Bungled Uniforms
September 23,
2009 | Kevin
Zdancewicz
For
this generation, the
Cincinnati Bengals have been perennial losers. We're talking two
winning
seasons in the past twenty years (1990 and 2005). Clicking through
the Bengals
History
page is like
a marathon of all those depressing summer reading books in high school.
(It's interesting
to me that such a disheartening franchise has such a comprehensive
history
page, but that is neither here nor there). It looked like the Bungles
might
turn the corner in the middle of this decade with some .500 seasons
surrounding
that magical 2005 run to the first round of the playoffs that was
stopped short
by a Kimo von Oelhoffen shot to Carson Palmer's knee, but it didn’t
last and
now the team appears to have fallen on hard times again.
A
beleaguered, yet glass-half-full
Bengals fan during this sad stretch could always say, "At least the
team
has cool uniforms." That is, until 2004 when Cincinnati unveiled a new set that left something to be desired. The pre-2004
uniforms
featured a solid incorporation of the tiger stripes theme into the
football
uniform template without going overboard. That basic look had been in use since 1981 when the
team
introduced the innovative helmet design, with the small addition of the
cool
leaping-Bengal logo to the sleeves in 1997. The team didn't do anything
too
drastic to change the look in’04, adding an orange alternate jersey and
black
pants and making small changes here and there. This begs the question,
why
bother ditching the solid previous
set
if the minimal changes are not for the better?
The
current uniforms really don’t
look too bad from the front, but from the side is a whole other issue. Cincinnati
caught
the side
panel bug that has been going around mostly the college game (and some
NFL
teams) in recent years and unfortunately ended up on the miss side of a
hit-or-miss uniform element. When the new Bengals’ uniforms were
unveiled, I
remember hearing that the white side panels were meant to mimic the
white on an actual Bengal tiger. Though potentially
apocryphal, if that
was part of the reasoning then the Bengals organization seemed to
forget an
important fact: they were designing football uniforms, not an actual
animal. The
white looks fine on a tiger, but not so much on these side panels.
Cincy tried
to integrate the white into the pants stripe – not a bad idea considering that a
large
patch of white might not sync up nicely with the tiger stripes pattern
– but the
final product is less than stellar. This error is only compounded by
how far
the panels come up on the jerseys, which is often inconsistent from one player to the next.

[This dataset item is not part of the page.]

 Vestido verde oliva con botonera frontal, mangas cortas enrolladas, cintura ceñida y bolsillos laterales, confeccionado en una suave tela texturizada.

The helmets remain the one bright spot, an orange
shell with
distinct black tiger stripes that surely cover the most polycarbonate
real
estate in the NFL. The simple, but powerful look strays from the normal
pattern
of a team logo on each side or wings/horns that appear to come off a
player's
head and becomes something very unique. But unlike a description of the
rest of
the uniform, in this case we mean unique in the good way.